WHAT TO PRODUCE
When you reach the line with "Lilac-breasted Roller" in the data below, begin printing lines exactly, and stop once the line with "Image - flower white white flower nature" has been printed.

++++ GIVEN RECORDS ++++

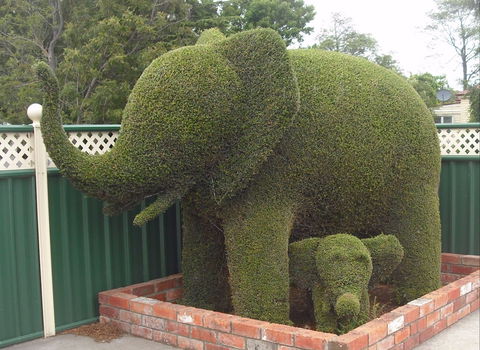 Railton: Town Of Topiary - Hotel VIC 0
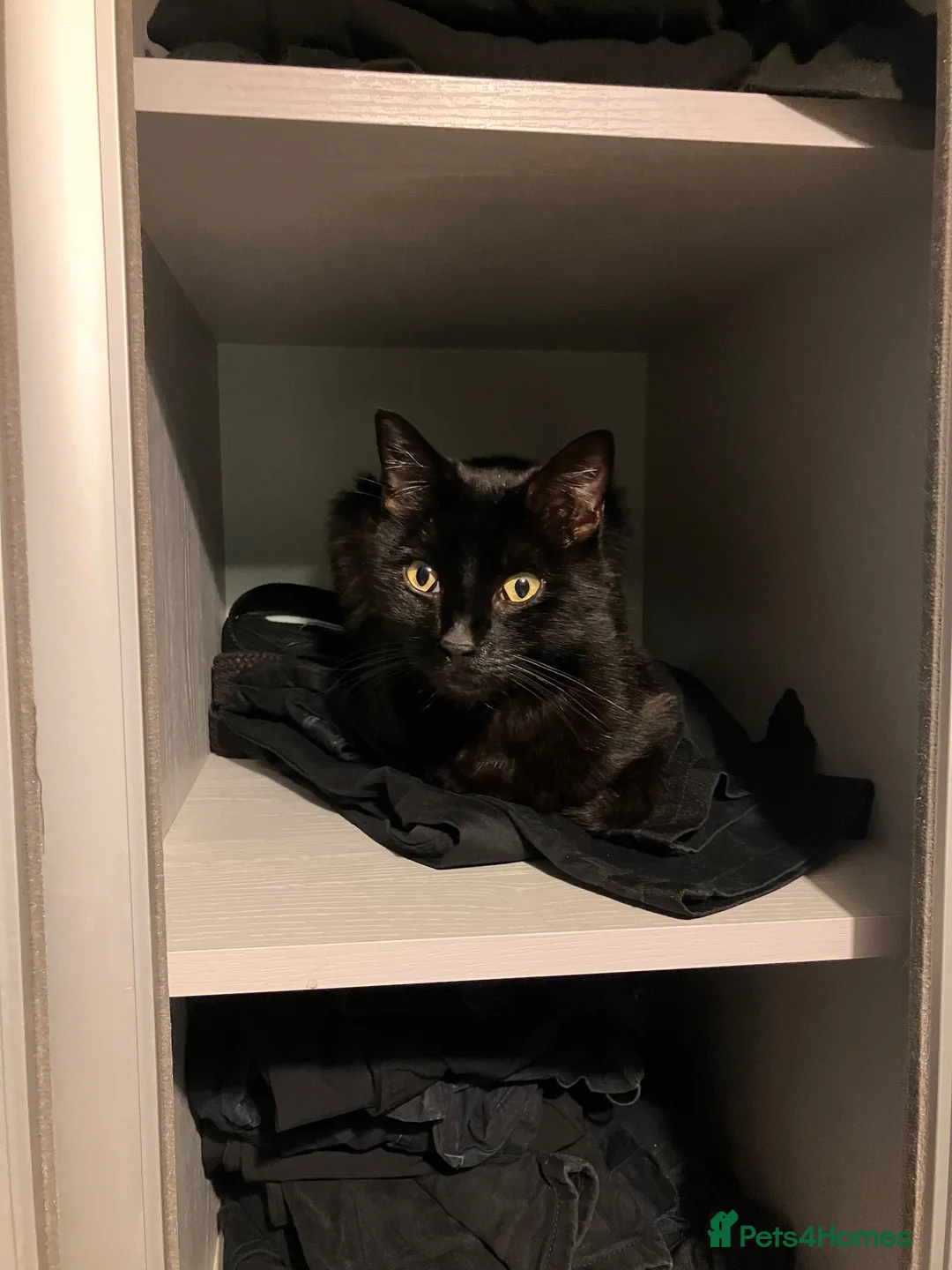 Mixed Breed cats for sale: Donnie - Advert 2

++++
++++ GIVEN RECORDS ++++

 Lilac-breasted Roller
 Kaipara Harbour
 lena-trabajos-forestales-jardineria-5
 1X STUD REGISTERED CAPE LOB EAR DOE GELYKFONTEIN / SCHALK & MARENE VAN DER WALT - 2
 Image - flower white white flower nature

++++

COMPLETED TASK
 Lilac-breasted Roller
 Kaipara Harbour
 lena-trabajos-forestales-jardineria-5
 1X STUD REGISTERED CAPE LOB EAR DOE GELYKFONTEIN / SCHALK & MARENE VAN DER WALT - 2
 Image - flower white white flower nature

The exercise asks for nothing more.